Task directions:
With the images removed, reproduce each entry below word for word.

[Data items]

------------------------------------------------------------

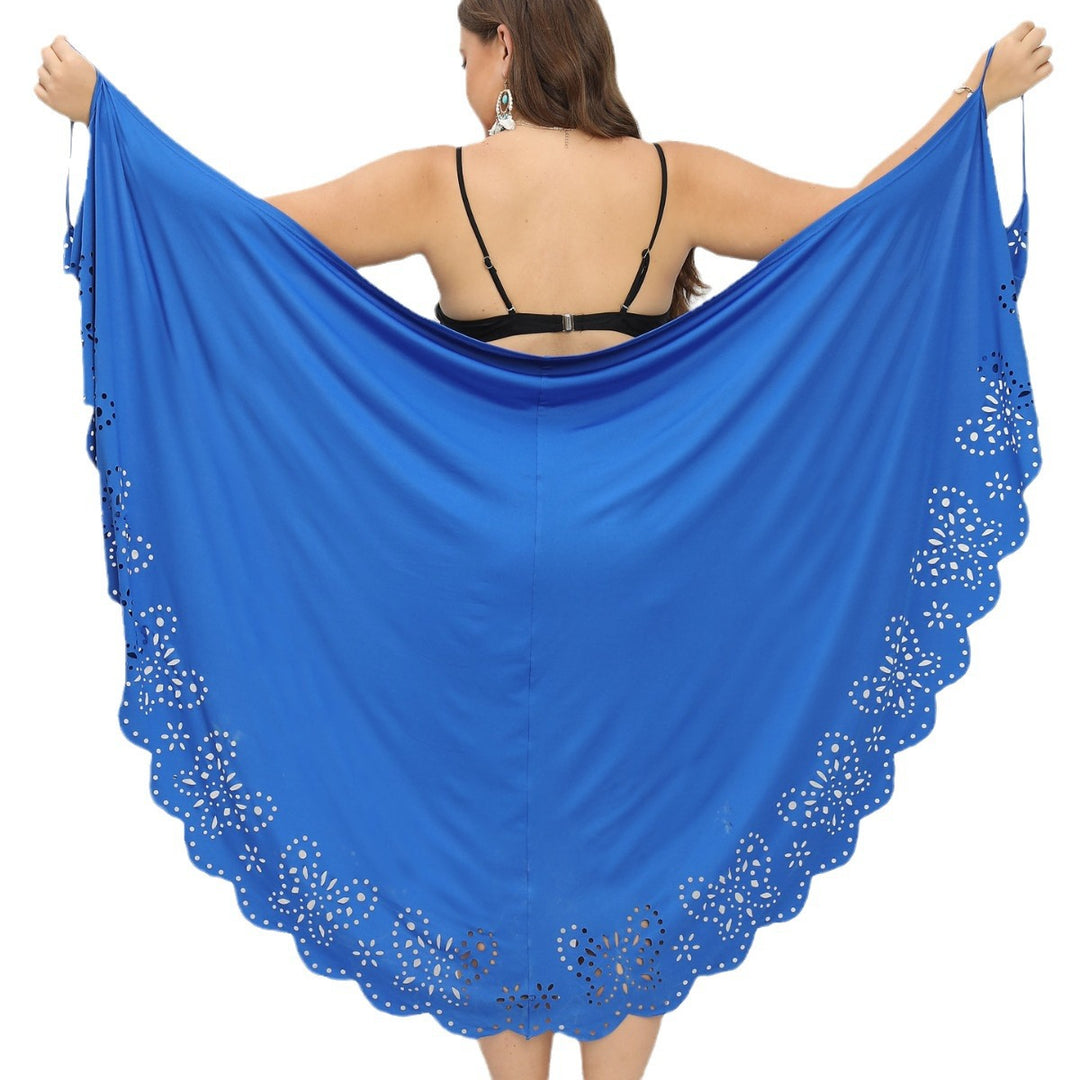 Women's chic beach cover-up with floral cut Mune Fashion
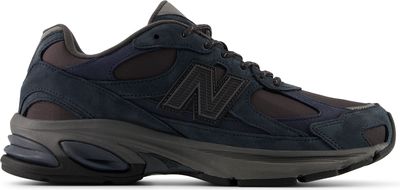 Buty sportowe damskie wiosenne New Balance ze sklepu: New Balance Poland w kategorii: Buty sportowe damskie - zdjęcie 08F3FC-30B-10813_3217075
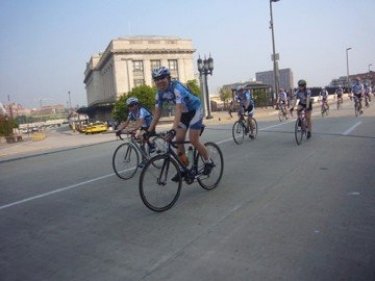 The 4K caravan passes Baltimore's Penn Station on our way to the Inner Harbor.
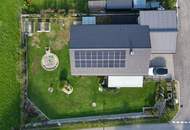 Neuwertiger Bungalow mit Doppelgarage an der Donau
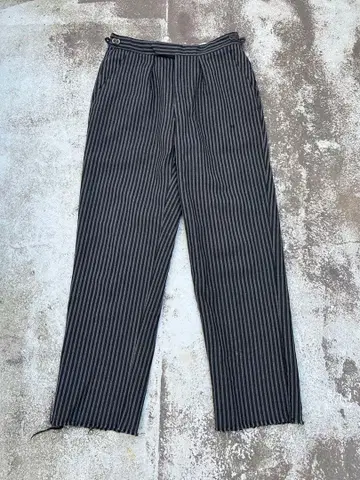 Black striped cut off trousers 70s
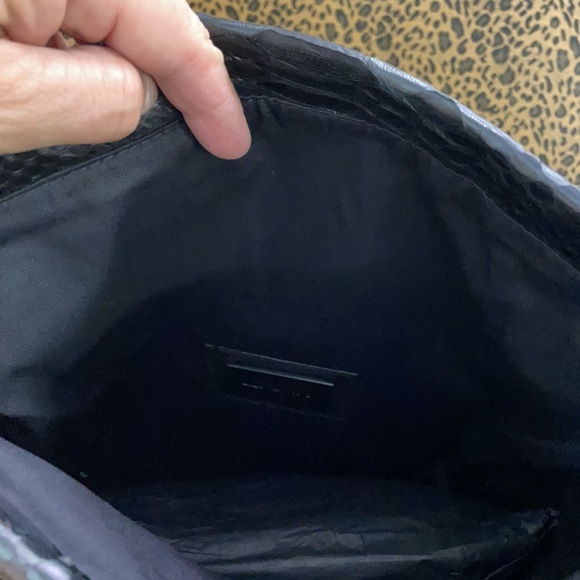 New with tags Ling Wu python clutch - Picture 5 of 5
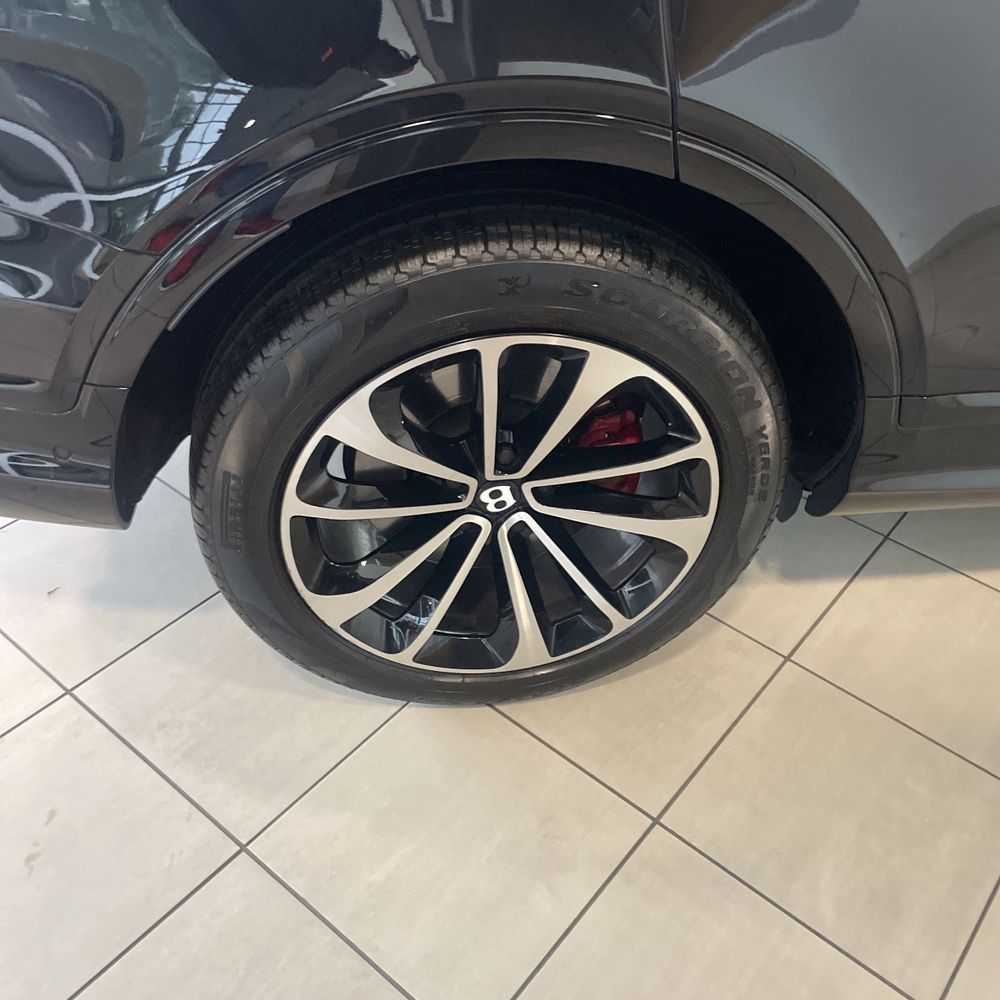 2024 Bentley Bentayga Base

------------------------------------------------------------

Written answer:
 Women's chic beach cover-up with floral cut Mune Fashion
 Buty sportowe damskie wiosenne New Balance ze sklepu: New Balance Poland w kategorii: Buty sportowe damskie - zdjęcie 08F3FC-30B-10813_3217075
 The 4K caravan passes Baltimore's Penn Station on our way to the Inner Harbor.
 Neuwertiger Bungalow mit Doppelgarage an der Donau
 Black striped cut off trousers 70s
 New with tags Ling Wu python clutch - Picture 5 of 5
 2024 Bentley Bentayga Base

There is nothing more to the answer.